I have been wanting to dive into distributed systems for a while, but this year I decided to actually do something about it.

After spending quite a bit of time diving into systems papers in school, I’ve come to miss the kind of analysis and tradeoffs that reading a distributed system paper makes you consider. I’m hoping to turn this into a series of posts analyzing various systems, hopefully drawing some comparisons between them along the way. The first system to tackle is Chord1, which was first published at MIT and published at SIGCOMM in 2001.

Chord is a great system to dive into for a couple of reasons. First, the service that Chord delivers can be explained in just a couple of sentences. This lets us focus more on the implementation of that contract than what the system does or does not provide. Second, the design is actually quite simple. The decentralized design gives us just a few moving parts. The intuition behind the components is also quite elegant.

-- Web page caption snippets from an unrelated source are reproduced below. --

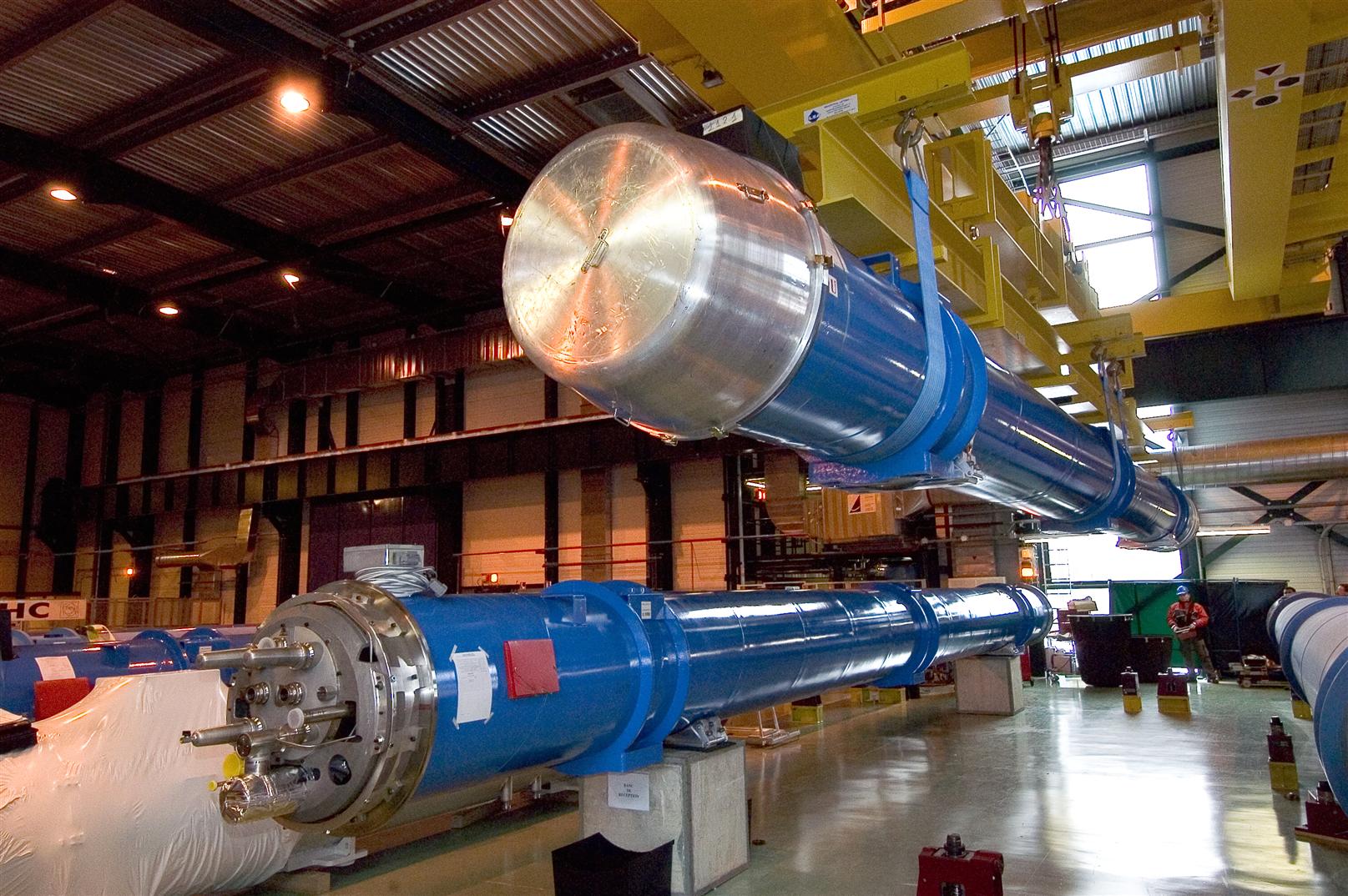 Aimants du LHC : la grande descente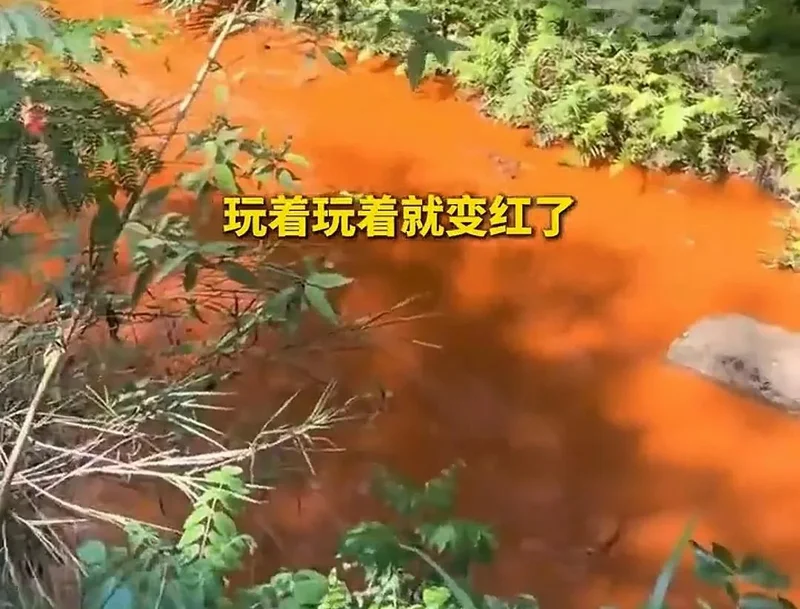 四川宜宾连发10次地震!一河流突然变红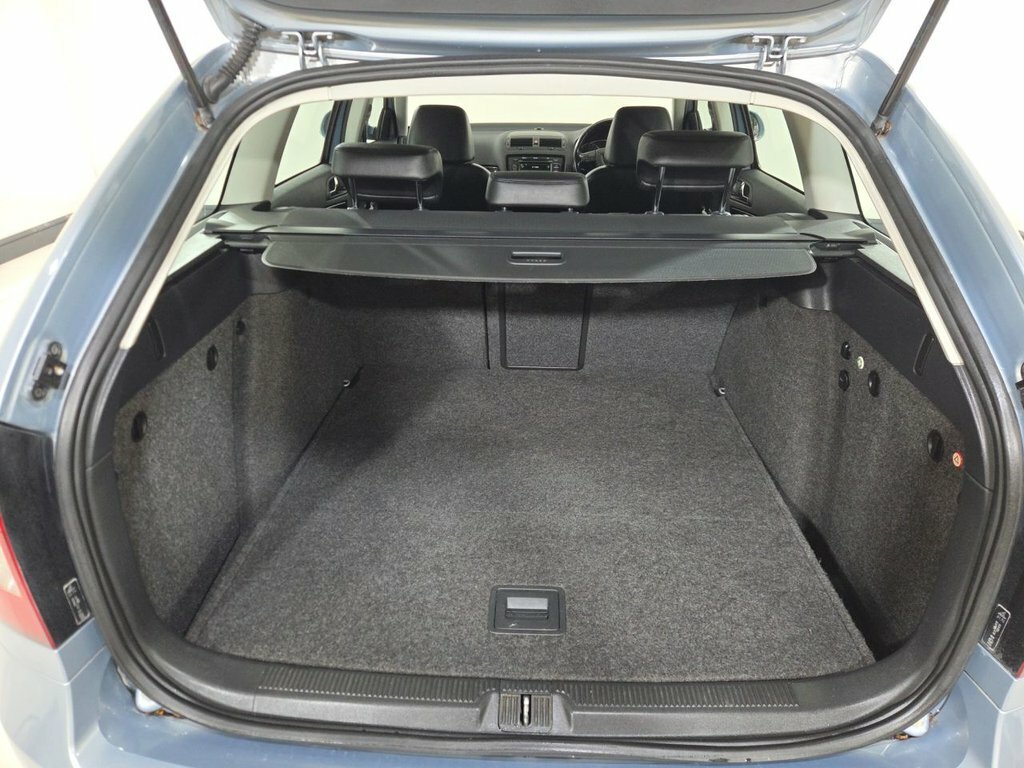 Skoda Octavia 1.6 Tdi Cr S Silver #16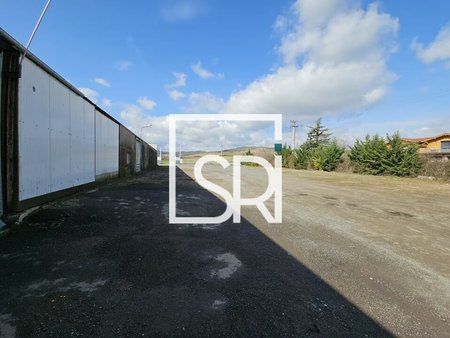 location d'entrepôt de 368 m² à beauregard-vendon - 63460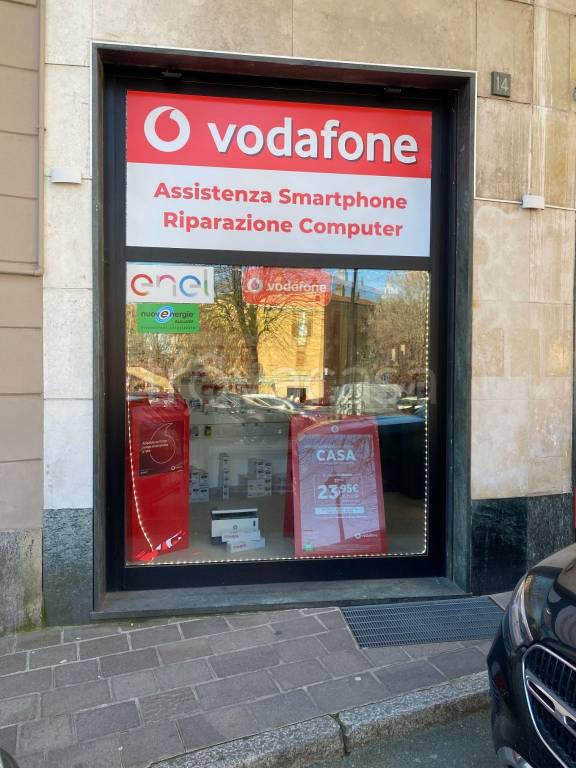 negozio in vendita a Stradella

The Chord API is extremely simple. Our system provides a function `lookup(x)`

which returns the node which stores `x`

. The authors hint at ways in which you can bake replication into the system, but Chord largely ignores what data you store or how you store it.

Our goal is to provide an implementation of `lookup`

with the following properties:

**Scalability**: Thousands or tens of thousands of nodes should be able to join the system without slowing down lookups.**Fault-Tolerance**: Since our system consists of a large number of nodes, we should be able to tolerate a few nodes failing or being temporarily partitioned from the system. In practice, these failures are inevitable.**Decentralization**: This is more of a design decision than a hard requirement, but our design should consist entirely of equal nodes. There’s no primary node responsible for coordinating, which leaves us without a single point of failure.

Our approach will eventually be somewhat sophisticated, but let’s start with the simplest possible solution. Let’s model our DHT after an ordinary hash table. Such a table normally has an array of buckets, each of which contains a number of values. When the *i* th node joins, we will append it as the *i* th bucket in our hash table. To minimize overhead, each node can also store a pointer only to its successor (node *i* has a pointer to node *i + 1*) instead of an index of all nodes in the DHT. Now we can query any node we know to be in the DHT, and simply follow the successor pointers until we arrive at the node storing a given key. Keys can be hashed as they would in an ordinary hash table, where node *i* stores all keys for which *H(k) % n == i* for some hash function *H*.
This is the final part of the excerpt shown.